Respirar aire contaminado tiene fuertes repercusiones negativas en la composición de la población bacteriana intestinal, con el resultado de que aumenta el riesgo para la persona de sufrir obesidad, diabetes, trastornos gastrointestinales y otras enfermedades crónicas. Esta es la inquietante conclusión a la que han llegado los autores de un nuevo estudio, el primero en relacionar la contaminación con los cambios en la estructura y función del microbioma intestinal humano (el conjunto de microorganismos que residen en nuestros intestinos).

La contaminación del aire provocada por actividades humanas tiene muchos efectos nocivos en la salud humana. (Imagen: Nasa JPL / Caltech)

El equipo de Tanya Alderete, de la Universidad de Colorado en la ciudad estadounidense de Boulder, utilizó una innovadora secuenciación de genoma completo para analizar muestras fecales de 101 adultos jóvenes en el sur de California.

Los investigadores observaron los datos de las estaciones de monitorización del aire más cercanas a los domicilios de los sujetos para calcular su exposición del año anterior al ozono, a la materia particulada (peligrosos granitos sólidos muy pequeños suspendidos en el aire) y al óxido nitroso (un subproducto tóxico de la quema de combustibles fósiles).

El ozono es útil a gran altura, donde forma un escudo que nos protege de las radiaciones provenientes del espacio. Sin embargo, a baja altura es potencialmente peligroso. El ozono puede formarse a baja altura cuando las emisiones de los vehículos con motor de combustión quedan expuestas a la luz solar.

De todas las sustancias contaminantes medidas, el ozono fue, con mucho, el que mayor impacto tuvo en los intestinos, ya que representó alrededor del 11 por ciento de la variación observada entre los sujetos del estudio, un impacto mayor que el del género, la etnia o incluso la dieta. Quienes estuvieron muy expuestos al ozono también resultaron tener menos diversidad de bacterias intestinales. Esto es importante ya que una baja diversidad de bacterias se ha relacionado con la obesidad y la diabetes tipo 2, tal como advierte Alderete.

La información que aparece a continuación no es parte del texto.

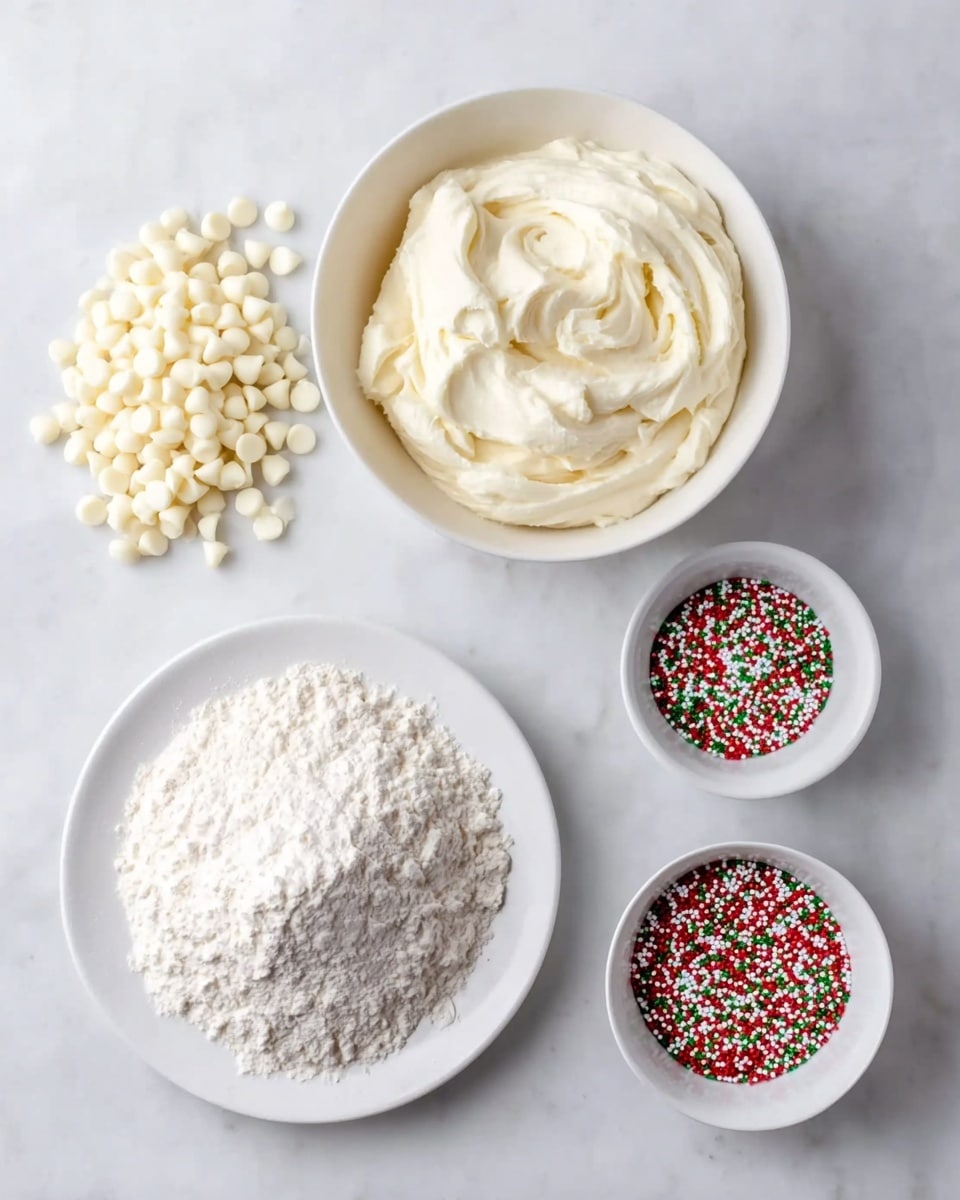 The image shows four groups of ingredients on a white marbled surface: at the top center, there is a bowl filled with smooth, creamy white frosting; to the left of it, there is a pile of small, white chocolate chips; below that, there is a white plate holding a heap of fine white flour; and to the right of the flour, there is a small white bowl filled with round sprinkles in red, green, and white colors. photo taken with an iphone --ar 4:5 --v 7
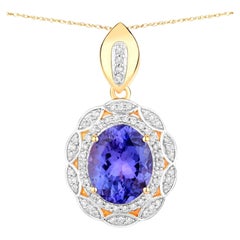 Tanzanite Pendant Necklace Diamonds 4.12 Carats 14K Yellow Gold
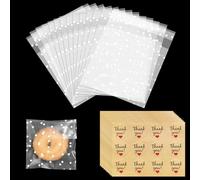 100 pezzi sacchetti di cellophane, sacchetti di biscotti richiudibili sacchetti di dolci autoadesivi con adesivo di ringraziamento per biscotti, caramelle gioielli saponi regali e forcine (10 × 10 cm)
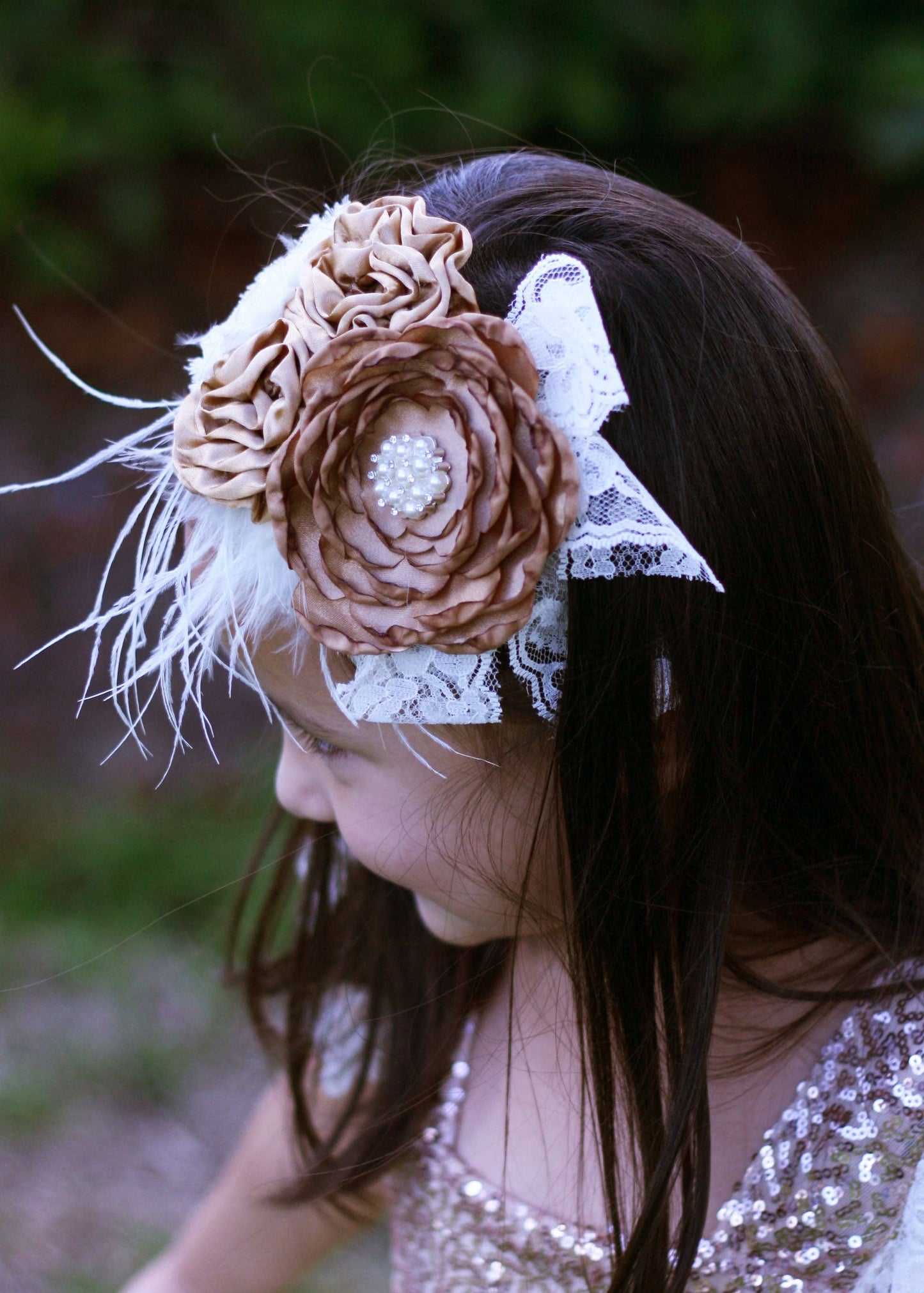 Rustic Flowers & Lace Headband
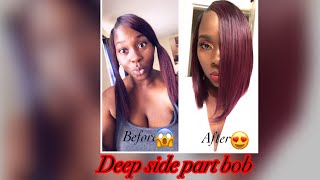 *D.I.Y. Long deep side bob Quick weave!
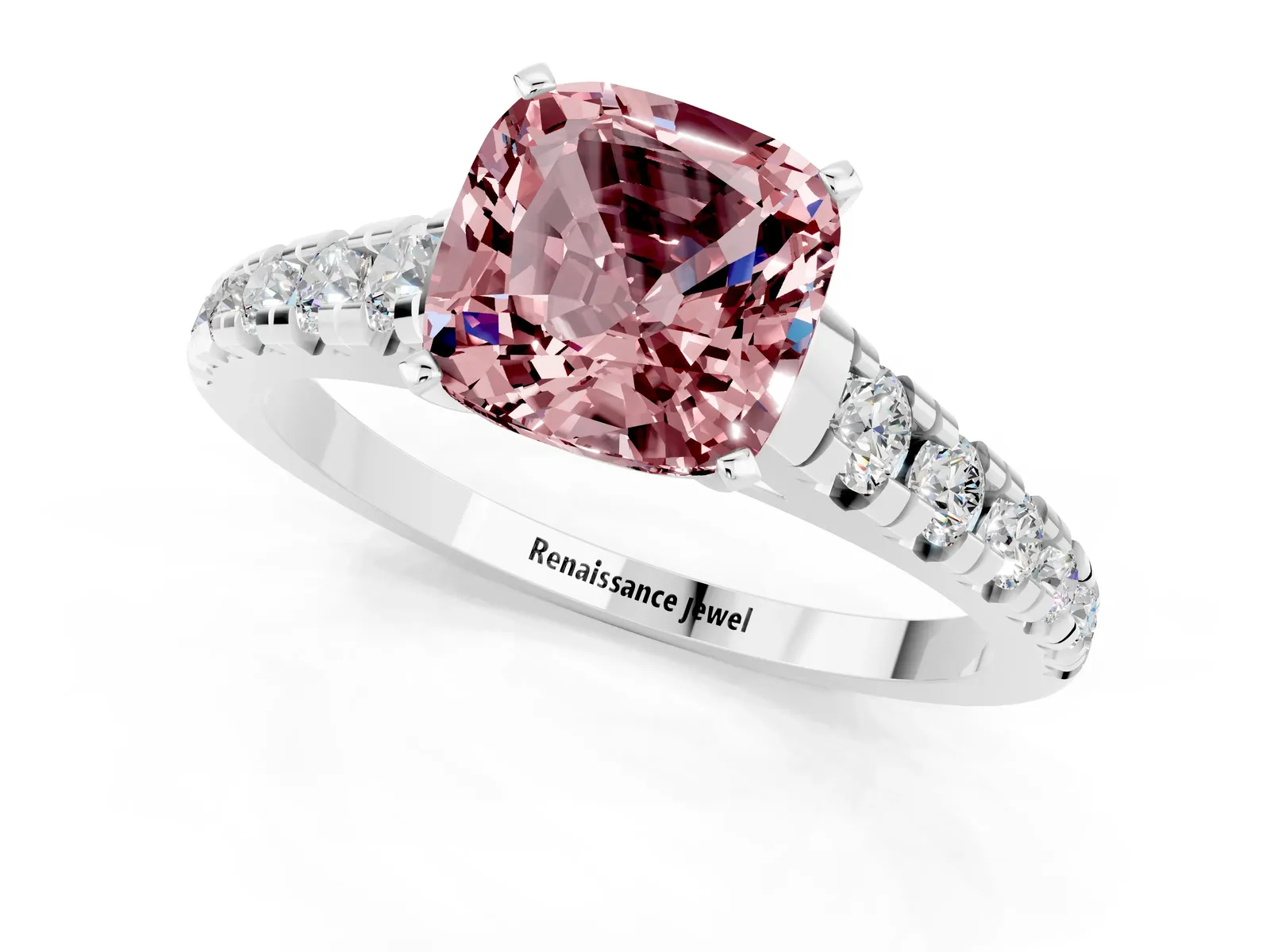 Cushion Cut Morganite Cathedral Solitaire Ring with Round Pavé Band Platinum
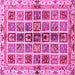 Square Machine Washable Abstract Pink Modern Rug, wshabs686pnk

Los sujetos con mayor exposición al ozono también tenían una mayor abundancia de una especie bacteriana específica llamada Bacteroides caecimuris. Esto es importante, porque algunos estudios han asociado altos niveles de la Bacteroides con la obesidad.

En total, los investigadores identificaron 128 especies bacterianas influenciadas por esa exposición mayor al ozono. Algunas de esas especies pueden influir a su vez en la liberación de insulina, la hormona responsable de llevar el azúcar a los músculos para obtener energía. Otras especies pueden producir metabolitos, incluyendo ácidos grasos, que ayudan a mantener la integridad de la barrera intestinal y a prevenir la inflamación. Alterar la cantidad de bacterias de esas especies en los intestinos acarrea, por tanto, alterar la incidencia de esos procesos.

En la investigación también han trabajado especialistas de la Universidad de Carolina del Norte, la del Sur de California y la de California en San Diego, todas ellas en Estados Unidos.